Activity> The entire listing, reproduced exactly and stripped of images, is the expected output.

Dataset excerpt>
========================================================================

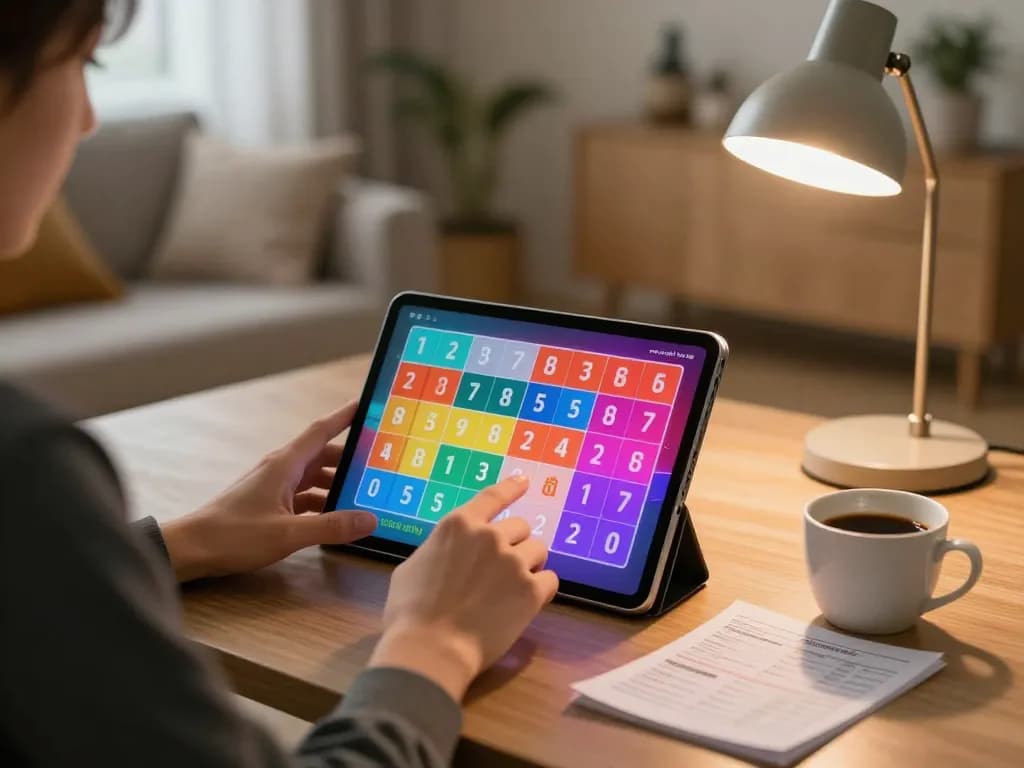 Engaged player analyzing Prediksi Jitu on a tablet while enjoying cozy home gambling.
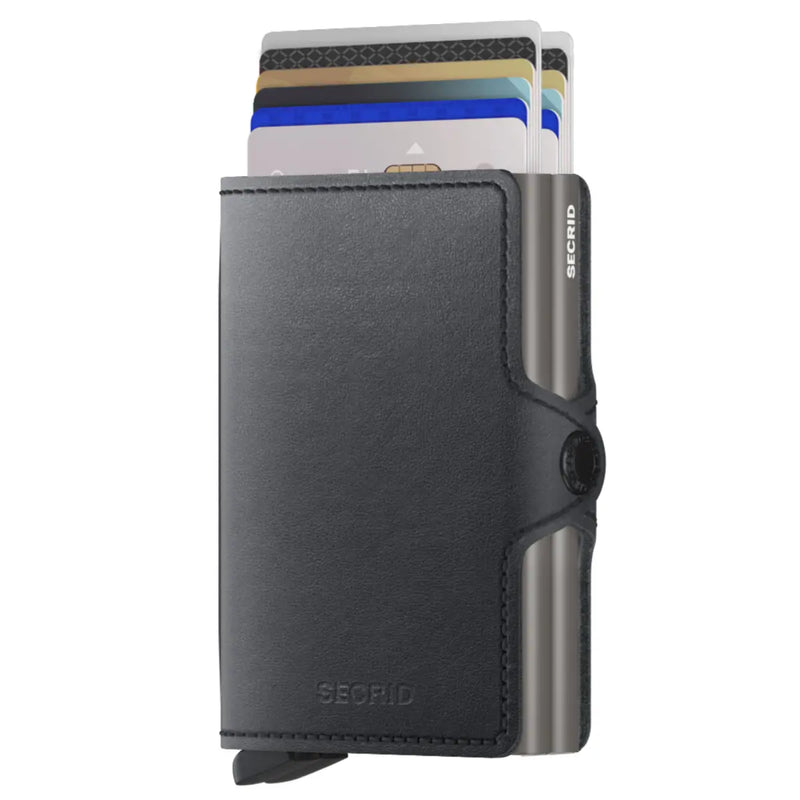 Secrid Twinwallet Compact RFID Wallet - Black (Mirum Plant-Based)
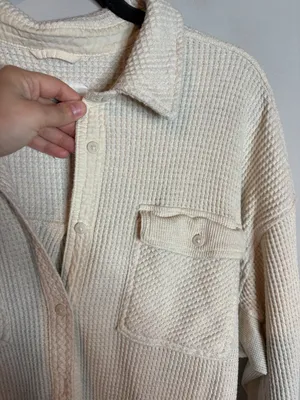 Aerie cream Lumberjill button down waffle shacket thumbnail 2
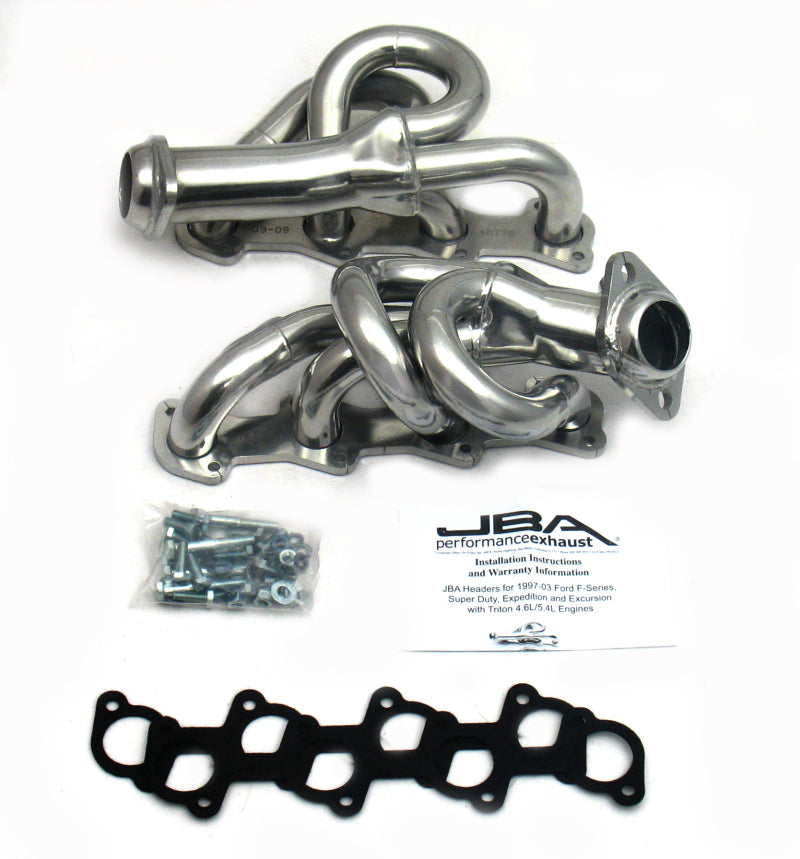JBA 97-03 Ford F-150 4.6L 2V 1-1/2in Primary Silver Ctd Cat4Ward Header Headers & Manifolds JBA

========================================================================

Solved exercise>
 Engaged player analyzing Prediksi Jitu on a tablet while enjoying cozy home gambling.
 Secrid Twinwallet Compact RFID Wallet - Black (Mirum Plant-Based)
 Aerie cream Lumberjill button down waffle shacket thumbnail 2
JBA 97-03 Ford F-150 4.6L 2V 1-1/2in Primary Silver Ctd Cat4Ward Header Headers & Manifolds JBA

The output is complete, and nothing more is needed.